Despite the fact that some federal agencies are discussing how to accommodate GPT-4 and the abundance of generative AI services that will undoubtedly result from it, Andrew Burt, a specialist lawyer, says that legislation modeled after the European model is unlikely to occur over time. According to Burt, the most practical outcome would be some form of bipartisan privacy regulation relating to algorithmic decision-making at the national level. The Biden administration and the GOP-controlled House will likely not compromise on anything else in this era of cohabitation. There is a reason for this, in part, because it seems beyond the comprehension of many congresspeople, despite Speaker McCarthy’s promise to provide AI courses for members of the House Intelligence Committee and despite lobbying efforts from the US Chamber of Commerce for a regulatory framework that might cover the subject, and despite such measures being supported by a few voices, they are very vocal.
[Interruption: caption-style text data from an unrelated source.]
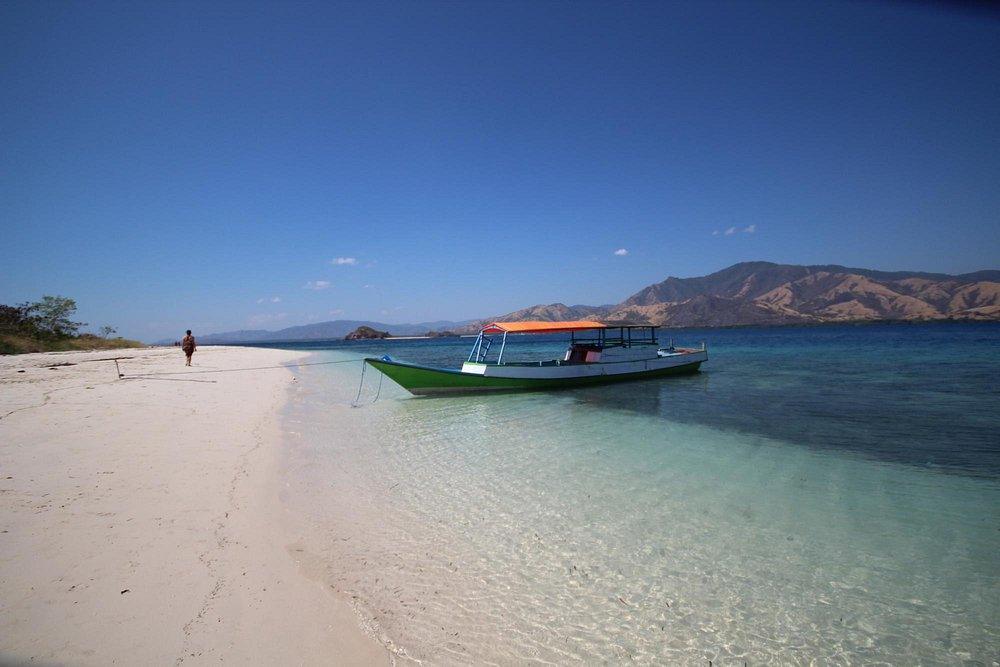 Riung 17 Islands Marine Park. A colorful boat anchored near a sandy beach, clear blue water, and distant mountains under a bright sky.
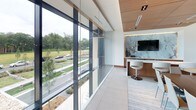 This single-floor space exemplifies contemporary design through a thoughtful combination of high-end materials, clean lines, and a seamless connection between interior and exterior environments. Floor-to-ceiling glass curtain walls form a defining architectural feature, flooding the interior with natural light while offering expansive views of the surrounding greenery and landscaped grounds.

The main gathering area is anchored by a substantial dark walnut conference or dining table surrounded by sleek upholstered chairs, positioned beneath a sculptural cluster pendant light fixture that serves as a striking focal point. Warm wood panel ceilings contrast beautifully with crisp white walls and large-format light tile flooring, creating a balanced interplay of textures throughout.

A built-in display niche with warm wood framing showcases curated sculptural artwork, adding an artistic dimension to the space. Adjacent areas feature a work counter with a stainless steel sink, walnut cabinetry, and light stone countertops, providing functional utility without compromising aesthetic cohesion.

A secondary lounge or work area includes a wall-mounted display screen set against a dramatic stone-textured accent wall, accompanied by a modern swivel stool and compact built-in workspace, reinforcing the space's versatile, professional character throughout.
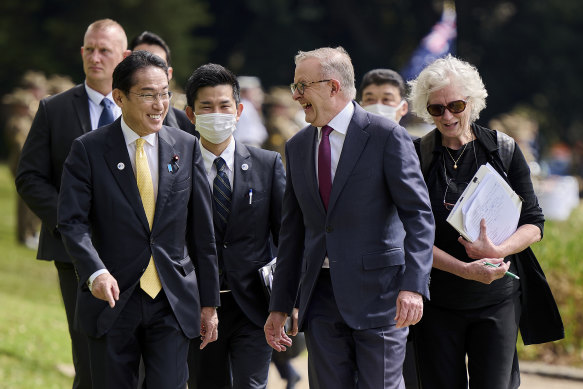 Japan’s Prime Minister Fumio Kishida, front left, walks with Australian Prime Minister Anthony Albanese in November.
Regulating AI: capacity problems
A number of anti-discrimination and transparency laws have been passed at the state level. In reference to the consultations currently being held at the new Department of Science, Innovation, and Technology regarding AI regulation, Engler points out that the UK has a clear idea of what it wants and is working toward its goals through a series of well-integrated policy documents. Similarly, the UK establishes best practices for AI and lets sectoral regulators determine how to apply them. During discussions about self-driving cars and the dangers of GPT-4 proliferation, generative AI didn’t come up much. Number 10 may be waiting for a report from a task force led by ARIA on foundation models. Well-resourced teams, let alone underfunded watchdogs, cannot keep up with the rapid pace of cybersecurity changes. An Alan Turing Institute study found significant gaps in artificial intelligence regulation and artificial intelligence regulation based on artificial intelligence regulation.
People have realized that if you want to build these dual teams, you need to hire computer scientists as well. Nevertheless, we would be better able to understand the capacities of various federal agencies’ executive orders mandating that every federal agency creates a plan explaining how they will deal with AI-related challenges in the future. Although the Brookings associate has not determined whether generative AI will hinder regulators’ ability to oversee their work. In spite of the serious harms identified, he suggests that proposals for addressing these harms can be adapted from recent discussions about algorithmic discrimination, cybersecurity best practices, and platform governance. Since he believes that policymakers are taking a responsible stance on generative AI, he finds it indicative of responsible policymaking that he doesn’t hear anything from them about how they plan to regulate it specifically. For many people, generative artificial intelligence is both exciting and fascinating. Politicians should acknowledge AI’s second coming, as well as assess its long-term effects. Regulatory agencies could clarify what needs to be done in this case.